Malheureusement, ici encore, la notion de trésors nationaux n'est pas spécifiée par le Traité, ni même, cette fois, par la Cour de justice. Sa définition revient aux États membres sous le contrôle des autorités européennes et dans le respect de l'article 36 du TFUE. Compte tenu de la portée dérogatoire de cet article, l'interprétation sera restrictive. Il convient également d'appliquer ici le principe de proportionnalité, c'est-à-dire viser un équilibre entre la liberté de circulation des marchandises et la sauvegarde du patrimoine culturel mobilier national. Le terme de "trésors" renvoie à des objets ayant une valeur particulière pour une collectivité humaine par leur importance et leur unicité, en tant que manifestation du génie artistique ou comme témoins du passé historique. Il s'agit de sauvegarder les éléments essentiels et fondamentaux d'un patrimoine artistique déterminé. Le terme "nationaux" renvoie au facteur de rattachement de l'œuvre d'art à un État, par exemple le lieu de création, la nationalité du créateur ou encore les traits caractéristiques de l'œuvre. On devrait comprendre le terme "nationaux" d'un point de vue historique et non géographique. Il conviendrait donc de considérer comme nationaux les biens culturels liés à l'histoire d'un pays, à ses traditions, à son passé, à ses valeurs, au lieu où l'œuvre a été créée ou encore au propriétaire qui l'a acquise. La dimension de ces biens s'identifie à l'apport qu'ils fournissent à la définition de l'identité historique et culturelle d'un pays.

Cette question n'en a pas moins très rapidement préoccupé les instances européennes. En effet, quand furent décidées l'instauration du Marché commun et la suppression du contrôle douanier des marchandises en raison de l'Acte unique, émergea le problème de la préservation du patrimoine culturel mobilier face au Marché commun. L'abolition des contrôles douaniers aux frontières internes donna, en effet, lieu à des expéditions d'œuvres d'art d'un État membre à un autre ou vers un État tiers à la Communauté européenne en violation du droit du pays de provenance. Pour combattre ces dysfonctionnements de la suppression des contrôles douaniers et pour garantir la sauvegarde des biens culturels au niveau de la Communauté européenne, deux instruments réglementaires furent adoptés. Le règlement "exportation" CEE 3911/92 concernant l'exportation de biens culturels régit l'exportation de biens culturels à l'extérieur de l'Union européenne.
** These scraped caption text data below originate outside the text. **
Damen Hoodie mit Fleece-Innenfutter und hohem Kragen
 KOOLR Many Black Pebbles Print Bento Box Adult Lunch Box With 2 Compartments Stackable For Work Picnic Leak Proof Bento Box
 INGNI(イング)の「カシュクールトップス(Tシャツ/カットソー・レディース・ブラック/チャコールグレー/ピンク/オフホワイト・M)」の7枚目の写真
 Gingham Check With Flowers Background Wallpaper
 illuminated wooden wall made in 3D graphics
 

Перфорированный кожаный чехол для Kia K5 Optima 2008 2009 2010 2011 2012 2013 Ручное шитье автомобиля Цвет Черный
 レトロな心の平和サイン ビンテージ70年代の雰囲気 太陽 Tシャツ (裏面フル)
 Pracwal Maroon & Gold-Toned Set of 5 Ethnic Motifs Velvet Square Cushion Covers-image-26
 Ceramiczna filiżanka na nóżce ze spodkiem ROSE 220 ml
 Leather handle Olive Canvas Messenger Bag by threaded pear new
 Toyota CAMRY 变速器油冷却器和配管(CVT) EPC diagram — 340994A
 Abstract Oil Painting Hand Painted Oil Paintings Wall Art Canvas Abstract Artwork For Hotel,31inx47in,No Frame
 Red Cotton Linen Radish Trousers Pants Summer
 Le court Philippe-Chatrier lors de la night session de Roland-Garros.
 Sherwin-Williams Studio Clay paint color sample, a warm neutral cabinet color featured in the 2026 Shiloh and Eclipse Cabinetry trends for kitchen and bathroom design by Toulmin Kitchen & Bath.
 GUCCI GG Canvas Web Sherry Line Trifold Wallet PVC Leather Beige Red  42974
Il s'agit donc du volet externe, c'est-à-dire vers les États tiers. Son système soumet certains biens à la présentation d'une licence d'exportation. Pour que le règlement s'applique, les biens culturels, classés par catégorie dans les annexes du règlement suivant leur nature, leur âge, leur valeur (seuils financiers), doivent être qualifiés de "trésor national" selon l'État membre concerné. La sortie du territoire communautaire des biens culturels les plus précieux est purement et simplement interdite par le règlement. Le second texte, en l'occurrence la directive "restitution" 93/7/CEE relative à la restitution de biens culturels ayant quitté illicitement le territoire d'un État membre, a été transposée en Belgique par une loi du 28 octobre 1996. Il y est cette fois question du volet interne en ce qu'il s'agit d'assurer le retour, auprès de l'État membre concerné, des trésors nationaux ayant quitté illicitement son territoire. L'analyse de la qualification de trésor national doit se faire en fonction de l'État membre qui requiert la restitution.


 

1 Argument désormais dépassé, puisque le qualificatif « économique » a précisément été retiré et qu'il est désormais question, de toute façon, d' « Union européenne ».